The Gothic being “a very knowing and self-aware genre,” as Catherine Spooner observed in ‘Contemporary Gothic’ (2006), where she underlined its great degree of self-consciousness, it is just natural we could question its creative process and its effects, as Mary Wollstonecraft Shelley did when she called Frankenstein her “hideous progeny.” In ‘Delights of Terror’ (1983), Terry Heller analysed the aesthetic experience of terror concluding that “[s]ensational tales of terror are unique in that within their aesthetically closed forms, they encourage the entertainment of catastrophe.
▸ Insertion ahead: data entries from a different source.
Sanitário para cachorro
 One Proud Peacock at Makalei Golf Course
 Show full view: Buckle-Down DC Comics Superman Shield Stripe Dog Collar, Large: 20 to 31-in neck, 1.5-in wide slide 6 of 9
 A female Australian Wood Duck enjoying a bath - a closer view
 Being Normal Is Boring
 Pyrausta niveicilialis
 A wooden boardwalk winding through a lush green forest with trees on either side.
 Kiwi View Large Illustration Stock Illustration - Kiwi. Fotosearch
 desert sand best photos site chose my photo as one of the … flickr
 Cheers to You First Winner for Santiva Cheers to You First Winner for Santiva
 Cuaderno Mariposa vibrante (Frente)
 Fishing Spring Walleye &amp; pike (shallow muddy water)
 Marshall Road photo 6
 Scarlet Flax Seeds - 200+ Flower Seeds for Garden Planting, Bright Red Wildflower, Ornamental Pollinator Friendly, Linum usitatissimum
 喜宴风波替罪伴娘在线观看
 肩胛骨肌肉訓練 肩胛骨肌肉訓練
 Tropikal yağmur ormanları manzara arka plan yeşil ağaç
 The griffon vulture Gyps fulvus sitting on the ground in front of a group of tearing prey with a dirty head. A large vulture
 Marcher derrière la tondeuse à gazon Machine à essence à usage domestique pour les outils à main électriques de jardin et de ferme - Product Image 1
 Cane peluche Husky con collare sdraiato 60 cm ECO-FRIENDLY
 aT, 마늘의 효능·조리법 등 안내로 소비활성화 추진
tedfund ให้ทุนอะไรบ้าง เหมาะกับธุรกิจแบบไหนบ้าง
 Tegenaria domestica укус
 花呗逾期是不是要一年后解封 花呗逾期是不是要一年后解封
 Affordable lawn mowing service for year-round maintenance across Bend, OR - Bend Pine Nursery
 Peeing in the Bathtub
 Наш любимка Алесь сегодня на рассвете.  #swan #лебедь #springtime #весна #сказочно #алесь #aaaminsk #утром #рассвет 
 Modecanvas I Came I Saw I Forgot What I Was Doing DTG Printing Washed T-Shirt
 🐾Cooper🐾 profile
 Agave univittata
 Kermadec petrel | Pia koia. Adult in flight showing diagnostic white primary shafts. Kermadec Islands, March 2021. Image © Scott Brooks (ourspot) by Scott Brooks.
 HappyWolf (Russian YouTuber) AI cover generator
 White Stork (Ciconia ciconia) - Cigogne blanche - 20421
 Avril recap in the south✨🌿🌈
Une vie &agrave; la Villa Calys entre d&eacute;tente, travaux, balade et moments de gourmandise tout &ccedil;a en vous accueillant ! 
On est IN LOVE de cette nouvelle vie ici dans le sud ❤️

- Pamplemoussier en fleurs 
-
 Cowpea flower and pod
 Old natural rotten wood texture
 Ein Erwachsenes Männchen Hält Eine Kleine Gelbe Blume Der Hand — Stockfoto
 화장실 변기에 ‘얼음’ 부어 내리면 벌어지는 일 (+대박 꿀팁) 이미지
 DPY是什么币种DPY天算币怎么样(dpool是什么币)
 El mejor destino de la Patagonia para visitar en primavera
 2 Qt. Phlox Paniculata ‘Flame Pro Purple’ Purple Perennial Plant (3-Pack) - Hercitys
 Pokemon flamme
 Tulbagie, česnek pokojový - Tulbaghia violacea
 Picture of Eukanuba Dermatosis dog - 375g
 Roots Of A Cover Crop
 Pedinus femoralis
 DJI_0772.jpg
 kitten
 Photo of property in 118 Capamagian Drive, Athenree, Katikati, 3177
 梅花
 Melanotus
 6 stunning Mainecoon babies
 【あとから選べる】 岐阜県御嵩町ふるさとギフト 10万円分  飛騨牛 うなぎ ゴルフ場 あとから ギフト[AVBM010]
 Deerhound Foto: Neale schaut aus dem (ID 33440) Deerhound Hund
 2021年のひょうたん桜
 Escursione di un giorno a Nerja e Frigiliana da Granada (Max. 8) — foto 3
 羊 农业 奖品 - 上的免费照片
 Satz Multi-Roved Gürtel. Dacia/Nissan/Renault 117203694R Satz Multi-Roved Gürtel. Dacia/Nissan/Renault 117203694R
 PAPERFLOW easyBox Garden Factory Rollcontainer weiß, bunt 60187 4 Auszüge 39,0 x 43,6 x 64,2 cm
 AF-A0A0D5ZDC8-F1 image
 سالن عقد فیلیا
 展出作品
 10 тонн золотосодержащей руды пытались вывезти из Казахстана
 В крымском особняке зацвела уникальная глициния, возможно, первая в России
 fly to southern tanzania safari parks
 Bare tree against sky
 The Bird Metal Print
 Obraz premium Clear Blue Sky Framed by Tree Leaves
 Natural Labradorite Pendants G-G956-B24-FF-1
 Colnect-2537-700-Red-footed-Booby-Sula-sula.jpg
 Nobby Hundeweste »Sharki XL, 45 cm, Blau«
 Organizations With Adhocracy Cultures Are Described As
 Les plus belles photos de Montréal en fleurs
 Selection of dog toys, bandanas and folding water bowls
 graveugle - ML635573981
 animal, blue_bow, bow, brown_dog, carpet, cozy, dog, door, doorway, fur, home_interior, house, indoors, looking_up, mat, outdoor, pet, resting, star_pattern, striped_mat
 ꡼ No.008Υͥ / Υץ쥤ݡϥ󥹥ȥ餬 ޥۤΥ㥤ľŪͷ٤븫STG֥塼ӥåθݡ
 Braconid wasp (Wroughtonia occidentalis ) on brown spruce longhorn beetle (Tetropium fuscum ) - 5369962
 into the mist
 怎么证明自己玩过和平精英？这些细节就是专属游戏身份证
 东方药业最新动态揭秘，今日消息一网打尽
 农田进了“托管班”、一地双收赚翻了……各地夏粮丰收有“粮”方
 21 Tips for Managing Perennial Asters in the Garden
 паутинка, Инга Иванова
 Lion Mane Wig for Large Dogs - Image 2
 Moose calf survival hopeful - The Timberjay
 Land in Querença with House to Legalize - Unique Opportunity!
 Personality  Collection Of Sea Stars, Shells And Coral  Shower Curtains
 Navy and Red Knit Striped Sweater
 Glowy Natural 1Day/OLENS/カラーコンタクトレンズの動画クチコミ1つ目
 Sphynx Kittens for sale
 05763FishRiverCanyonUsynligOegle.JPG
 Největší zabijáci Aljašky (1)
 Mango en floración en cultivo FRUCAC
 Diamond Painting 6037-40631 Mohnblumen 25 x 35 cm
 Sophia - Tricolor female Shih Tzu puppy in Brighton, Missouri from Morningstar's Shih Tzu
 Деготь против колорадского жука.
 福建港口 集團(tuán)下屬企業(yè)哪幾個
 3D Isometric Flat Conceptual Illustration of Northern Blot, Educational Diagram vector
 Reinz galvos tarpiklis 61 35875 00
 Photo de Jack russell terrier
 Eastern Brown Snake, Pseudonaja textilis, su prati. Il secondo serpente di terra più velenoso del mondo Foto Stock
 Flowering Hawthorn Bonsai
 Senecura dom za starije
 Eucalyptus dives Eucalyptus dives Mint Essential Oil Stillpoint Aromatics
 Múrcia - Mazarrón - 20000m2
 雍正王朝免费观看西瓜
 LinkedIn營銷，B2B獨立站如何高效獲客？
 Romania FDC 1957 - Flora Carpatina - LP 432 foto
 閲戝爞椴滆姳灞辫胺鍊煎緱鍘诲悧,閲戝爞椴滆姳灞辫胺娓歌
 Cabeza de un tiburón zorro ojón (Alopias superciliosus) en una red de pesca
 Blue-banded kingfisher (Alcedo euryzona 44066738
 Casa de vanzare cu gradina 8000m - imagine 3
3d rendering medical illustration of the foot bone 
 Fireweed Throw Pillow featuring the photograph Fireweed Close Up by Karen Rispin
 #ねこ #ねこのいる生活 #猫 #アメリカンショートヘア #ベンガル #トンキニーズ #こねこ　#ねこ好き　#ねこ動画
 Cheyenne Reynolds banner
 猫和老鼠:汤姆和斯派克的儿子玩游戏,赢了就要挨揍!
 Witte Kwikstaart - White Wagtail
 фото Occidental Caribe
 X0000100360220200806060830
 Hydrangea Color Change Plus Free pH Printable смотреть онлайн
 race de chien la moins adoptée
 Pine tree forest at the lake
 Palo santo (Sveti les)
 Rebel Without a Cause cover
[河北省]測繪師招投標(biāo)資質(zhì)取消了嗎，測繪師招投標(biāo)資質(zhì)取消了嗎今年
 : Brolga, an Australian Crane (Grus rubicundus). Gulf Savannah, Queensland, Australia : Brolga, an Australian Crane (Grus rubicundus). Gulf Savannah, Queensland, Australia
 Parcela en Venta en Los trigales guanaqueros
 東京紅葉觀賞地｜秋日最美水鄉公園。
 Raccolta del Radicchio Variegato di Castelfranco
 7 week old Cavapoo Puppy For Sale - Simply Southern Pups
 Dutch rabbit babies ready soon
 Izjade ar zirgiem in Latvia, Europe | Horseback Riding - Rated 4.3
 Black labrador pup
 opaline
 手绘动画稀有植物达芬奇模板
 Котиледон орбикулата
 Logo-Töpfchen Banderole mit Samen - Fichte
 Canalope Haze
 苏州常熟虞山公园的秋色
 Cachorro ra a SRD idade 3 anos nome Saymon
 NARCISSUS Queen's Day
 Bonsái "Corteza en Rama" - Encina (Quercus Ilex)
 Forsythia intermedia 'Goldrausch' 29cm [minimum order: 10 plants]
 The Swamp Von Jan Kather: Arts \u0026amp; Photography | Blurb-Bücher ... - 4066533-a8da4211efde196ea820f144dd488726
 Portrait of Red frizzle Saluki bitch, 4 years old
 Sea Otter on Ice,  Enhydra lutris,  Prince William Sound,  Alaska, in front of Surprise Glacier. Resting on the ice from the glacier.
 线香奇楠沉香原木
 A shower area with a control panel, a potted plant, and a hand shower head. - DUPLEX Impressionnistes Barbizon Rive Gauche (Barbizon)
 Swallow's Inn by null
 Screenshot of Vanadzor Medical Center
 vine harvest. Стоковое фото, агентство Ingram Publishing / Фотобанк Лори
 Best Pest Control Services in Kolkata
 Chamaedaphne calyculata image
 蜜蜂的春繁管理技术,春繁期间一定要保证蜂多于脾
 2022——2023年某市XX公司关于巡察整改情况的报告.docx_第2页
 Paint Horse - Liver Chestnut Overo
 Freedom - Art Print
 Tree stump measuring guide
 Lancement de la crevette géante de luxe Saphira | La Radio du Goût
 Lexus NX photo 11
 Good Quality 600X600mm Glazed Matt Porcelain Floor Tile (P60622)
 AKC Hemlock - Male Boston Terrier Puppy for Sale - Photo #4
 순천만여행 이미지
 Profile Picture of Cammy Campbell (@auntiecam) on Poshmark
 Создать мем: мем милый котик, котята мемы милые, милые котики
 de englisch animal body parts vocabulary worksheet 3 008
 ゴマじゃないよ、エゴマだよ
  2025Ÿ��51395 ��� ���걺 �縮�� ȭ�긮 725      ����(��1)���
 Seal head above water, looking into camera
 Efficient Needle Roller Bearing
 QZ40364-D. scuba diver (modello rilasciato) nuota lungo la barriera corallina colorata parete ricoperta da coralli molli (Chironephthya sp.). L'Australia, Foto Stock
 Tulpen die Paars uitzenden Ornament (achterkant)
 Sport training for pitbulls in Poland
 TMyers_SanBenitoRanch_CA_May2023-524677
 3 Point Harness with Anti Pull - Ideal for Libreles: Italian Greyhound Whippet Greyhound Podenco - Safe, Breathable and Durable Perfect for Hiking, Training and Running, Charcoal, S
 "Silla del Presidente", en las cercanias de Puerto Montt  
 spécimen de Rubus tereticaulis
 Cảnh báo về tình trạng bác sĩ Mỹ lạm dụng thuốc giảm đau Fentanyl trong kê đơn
The reader can pretend to be terrified without the risk of a really terrifying experience. The play of art makes a dangerous part of the world available to imagination.”
However, nothing is purely aesthetic and when art transcends all its limits it can turn into a very real source of danger and destruction. Perhaps it is relevant to ask whether the manifestation of horror in creativity is a response to a world desensitised to violence, or if it helps to create a cycle of violent actions stimulated by all the sensationalist images of crime and death transmitted in violent films, music, video games and some other forms of gothic culture. Virginia Polytechnic Institute and Columbine High School Massacre show that human minds are much too fragile and vulnerable not to be afraid of these uncertainties.